[[ Source data, beginning ]]

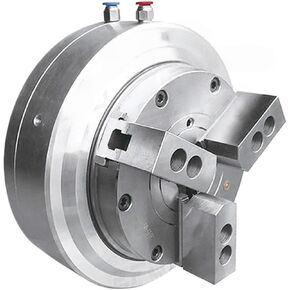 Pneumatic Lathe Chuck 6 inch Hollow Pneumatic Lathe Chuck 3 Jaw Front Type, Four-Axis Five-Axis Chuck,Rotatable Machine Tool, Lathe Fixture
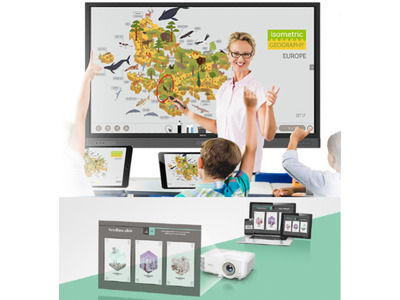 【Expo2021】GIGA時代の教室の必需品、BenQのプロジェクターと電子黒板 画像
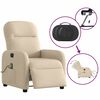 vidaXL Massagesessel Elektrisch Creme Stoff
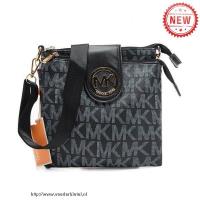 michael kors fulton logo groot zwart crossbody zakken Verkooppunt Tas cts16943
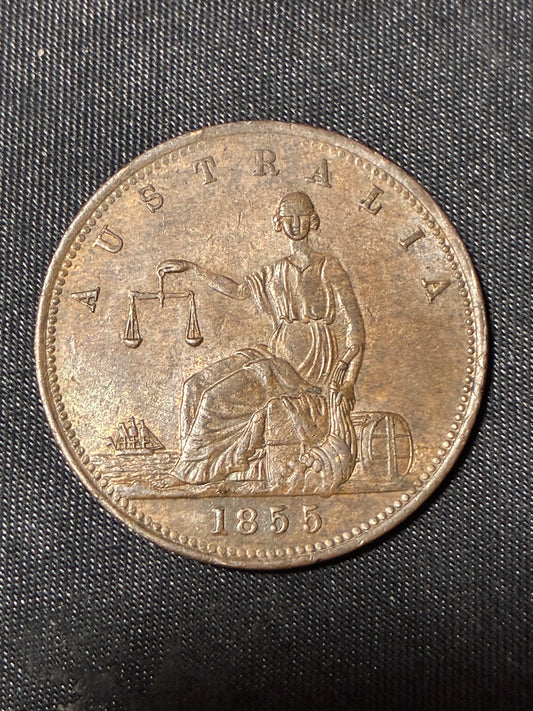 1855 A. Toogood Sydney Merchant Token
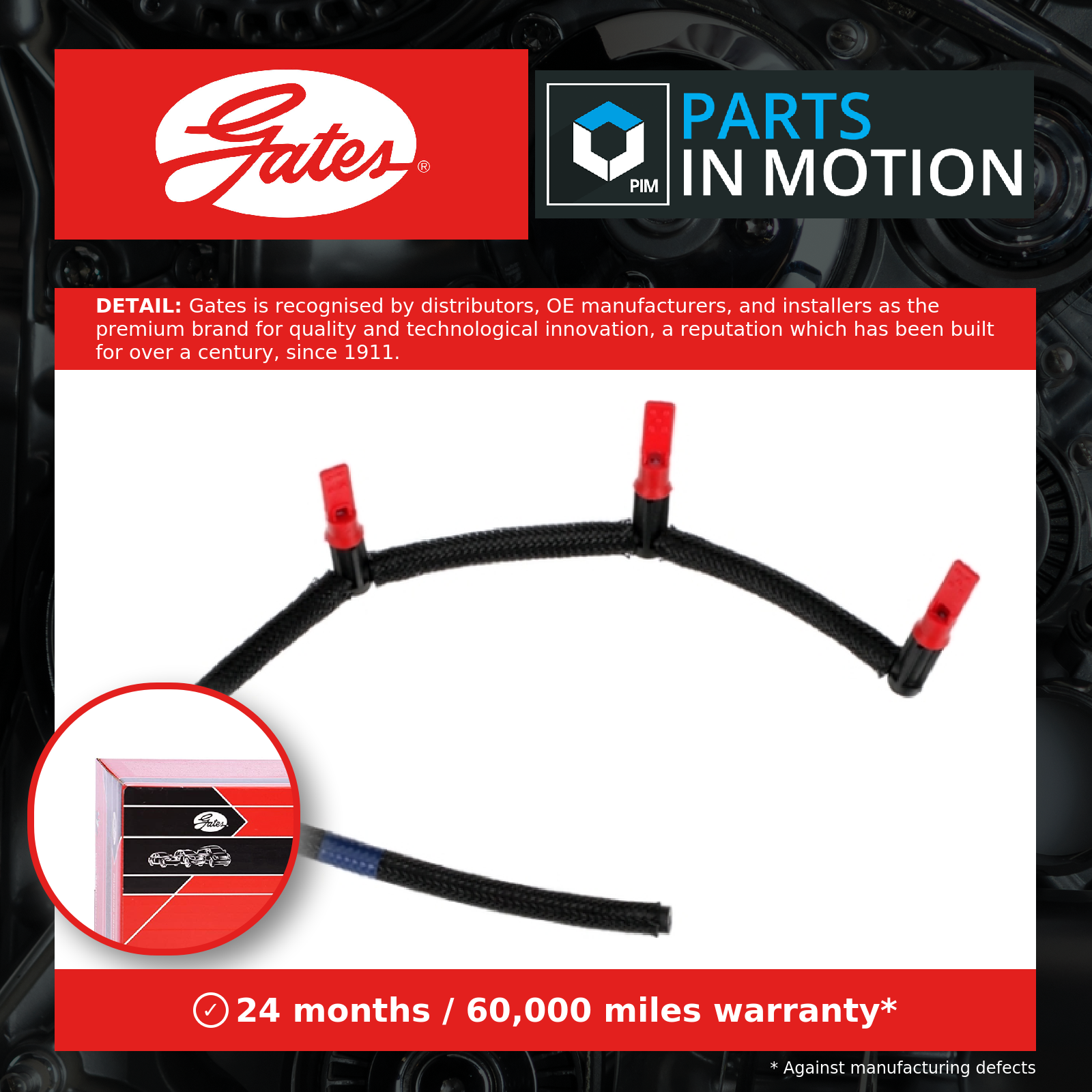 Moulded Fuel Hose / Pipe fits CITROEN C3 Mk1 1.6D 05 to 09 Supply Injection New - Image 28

[[ Source data, end ]]

__Problem statement__
Would you reproduce the lines above exactly, without carrying over the pictures?

__Result for this exercise__
 Pneumatic Lathe Chuck 6 inch Hollow Pneumatic Lathe Chuck 3 Jaw Front Type, Four-Axis Five-Axis Chuck,Rotatable Machine Tool, Lathe Fixture
 【Expo2021】GIGA時代の教室の必需品、BenQのプロジェクターと電子黒板 画像
 vidaXL Massagesessel Elektrisch Creme Stoff
 michael kors fulton logo groot zwart crossbody zakken Verkooppunt Tas cts16943
 1855 A. Toogood Sydney Merchant Token
 Moulded Fuel Hose / Pipe fits CITROEN C3 Mk1 1.6D 05 to 09 Supply Injection New - Image 28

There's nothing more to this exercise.